Imagine trying to get someone to run fast while attached to an open parachute. Its hard. So how do we motivate this person to run faster? If you said “Get rid of the parachute” you would be wrong. While eliminating the obstacle will make the job easier and they probably will be able to run faster, but it does not mean we have increased the motivation of the runner.
A very common misconception is that in order to motivate employees you need to identify the de-motivators and then eliminate them. While this is always helpful, it does not always lead to a motivated workforce. A better way to think of de-motivators is to imagine them as rocks in everyone’s shoes when they are climbing a mountain. The pebbles make the journey a lot more difficult. Removing them will definitely create a more satisfying environment but does it increase your motivation to climb the mountain? Probably not.
The first person to make this distinction between motivators and de-motivators is a psychologist by the name of Frederick Herzberg. By studying workplace motivation, he made a profound discovery that is still talked about more than 40 years later. Herzberg found that the things which satisfied and motivated people at work, are different in kind from the things that make them dissatisfied. Things like low salaries, uncomfortable workspaces, stupid processes, annoying bosses, and dysfunctional teams, lead to job dissatisfaction. Herzberg called these Hygiene Factors as they were mostly related to the environmental factors surrounding a job, rather than the work itself. Herzberg’s research also found that people are more motivated by achievement, recognition, increasing responsibility, growth, and the work itself.
In order to increase motivation, we cannot only focus on eliminating these so-called “Hygiene Factors,” but must also find ways to enrich the jobs themselves, so employees can experience achievement, recognition, increasing responsibility, challenge and interesting work. So our goal should be to reduce sources of employee dissatisfaction while striving to increase motivation through enriching the jobs themselves. Herzberg’s theory is called the Motivation-Hygiene Theory, also known as the Two-Factor Theory.

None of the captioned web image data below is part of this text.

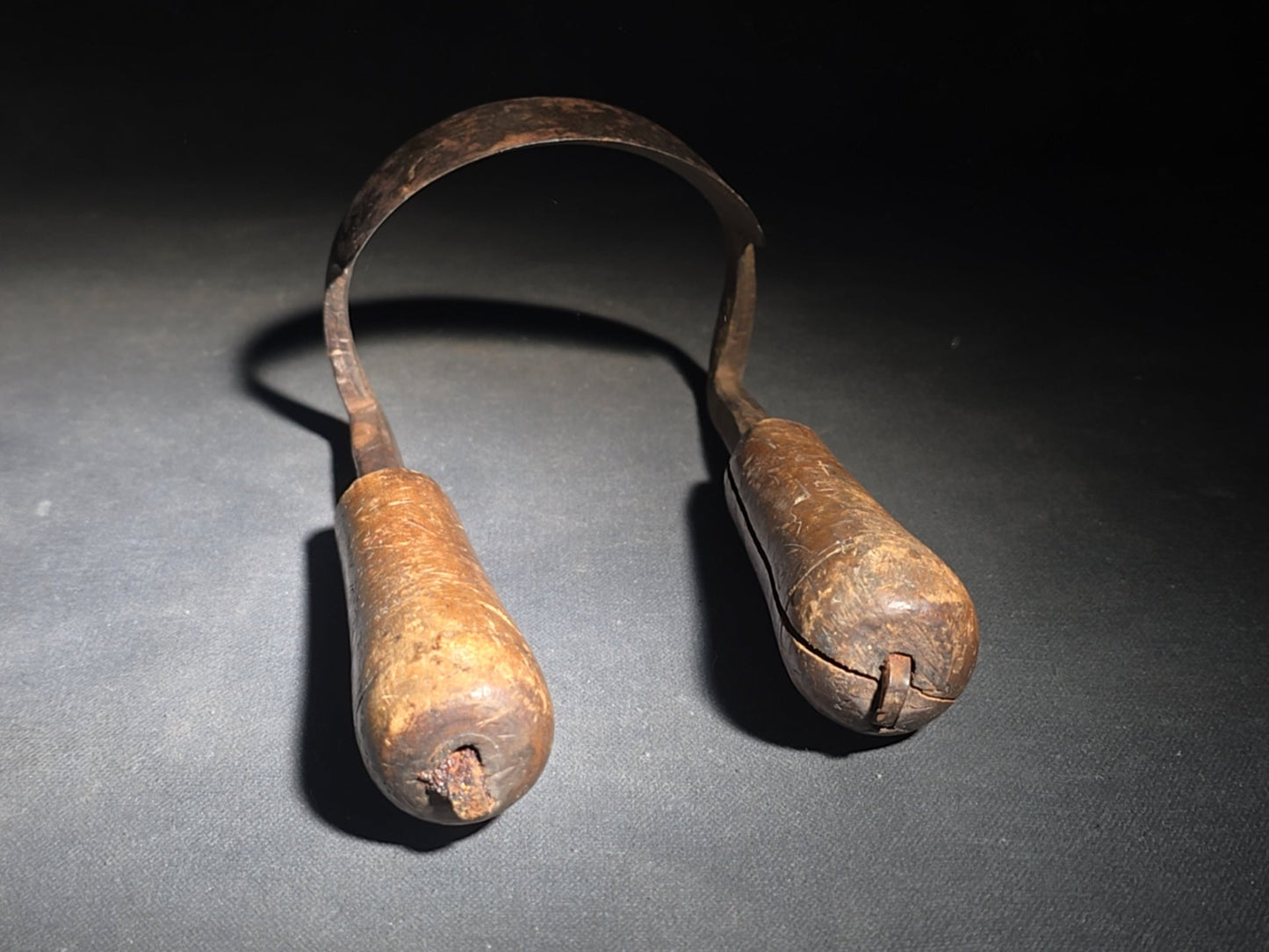 Pair of Antique Wood-Handled Drawknives including Straight Blade and Curved Inshave, One Stamped "G.A"
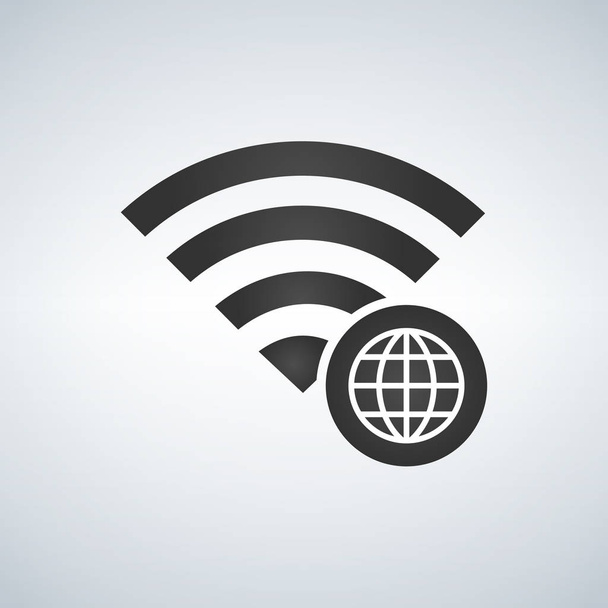 WiFi signaal verbindingspictogram met wereldbol icoon in de cirkel. vectorillustratie geïsoleerd op moderne achtergrond. - Vector, afbeelding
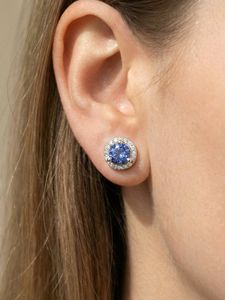 Blue Sapphire Halo <b>Stud</b> Earrings Round 925 Sterling <b>Silver</b> 14K Gold Plated Classic September Birthstone Gift - Product Image 3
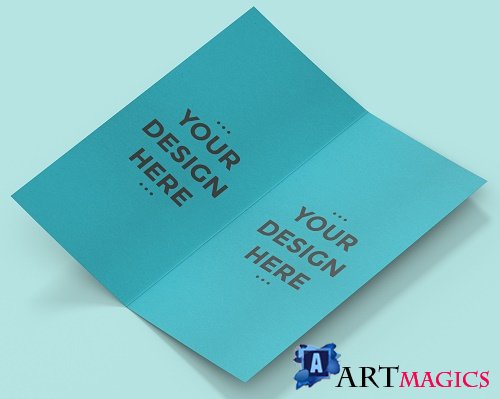 Bi-fold Brochure Paper Texture Mock-up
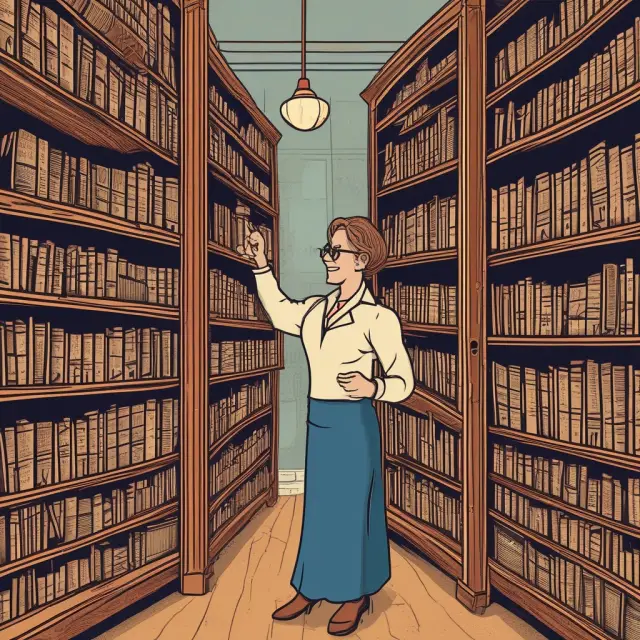 Librarian guiding reader towards LIBOR resources on a bookshelf
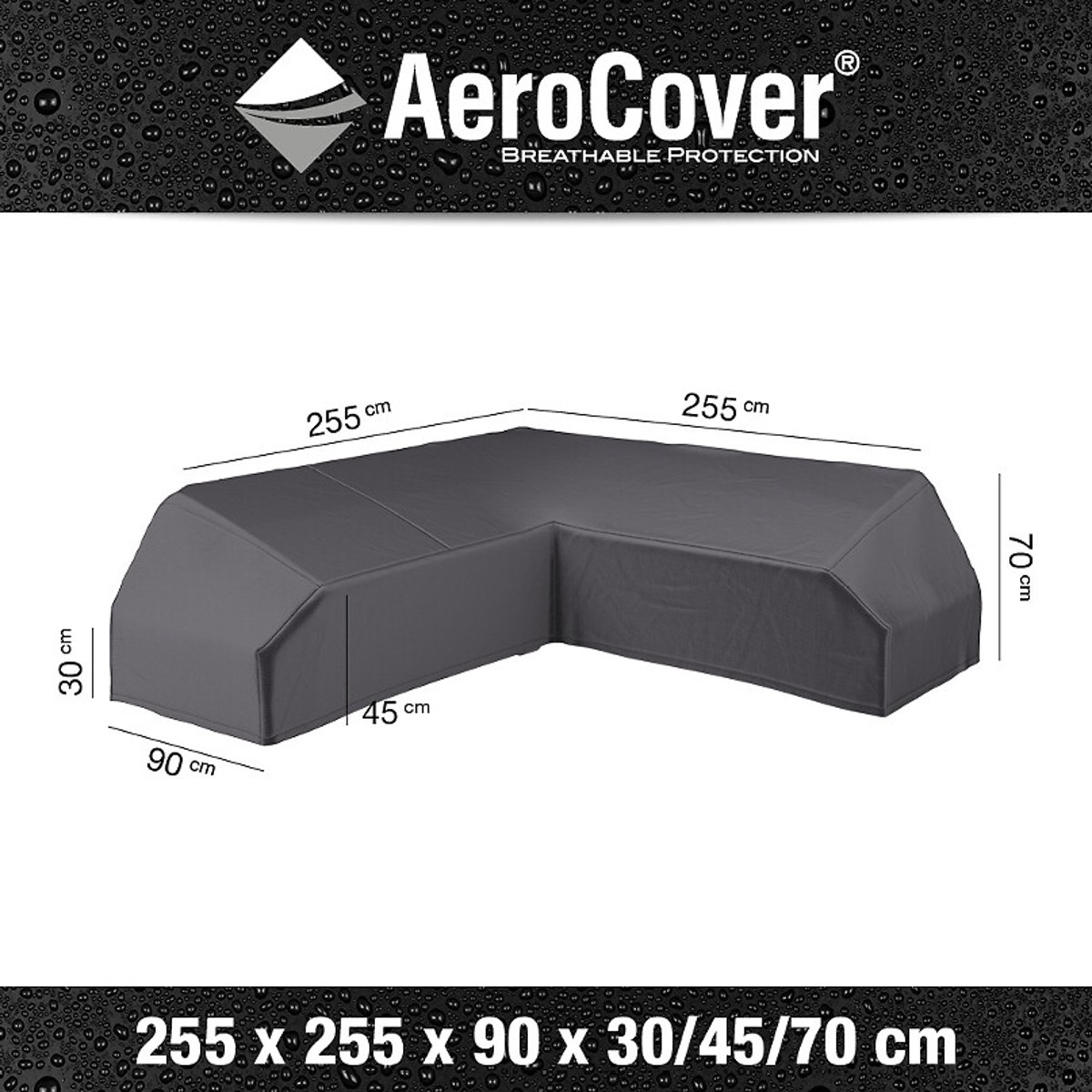 Garden Platform Cover 255x255x90xH30/45/70cm grey, AEROCOVER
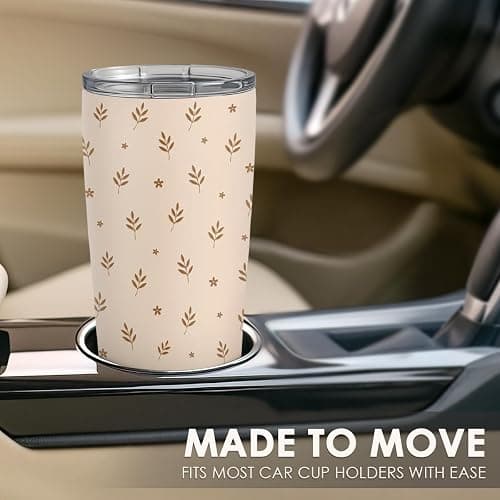SANDJEST Botanical Tumbler 20oz, Stainless Steel Travel Cup with Lid, Insulated Coffee Mug, Botanical Gifts for Women Girls Friends Sisters on Birthday Christmas thumbnail 7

Make your own list of Hygiene Factors (rocks in everyone’s shoes) that are currently lowering job satisfaction. Try and figure out which of them are the most prevalent and see if you can proactively begin to eliminate the problems. Secondly, take a long hard look at the work which each of your direct reports is required to do each day. Within their job functions, ask yourself if there are ample opportunities to experience achievement, recognition, challenge, responsibility, and interesting work.
Below are a few ideas on how you might enrich someone’s job in order to increase their motivation.
- Introduce new and more difficult tasks not previously handled
- Remove some of the controls and give them more freedom in how they accomplish their role
- Grant them additional authority in their role
- Help some of your staff specialize and become experts in certain niche areas
- Let employees be able to touch a project from start to finish increasing their sense of achievement
- Make sure employees have specific feedback which helps them see their progress
- Make sure employees are regularly recognized for achievements
Reducing Hygiene Factors as well as increasing job enrichment are both essential for creating a motivated and satisfying workplace.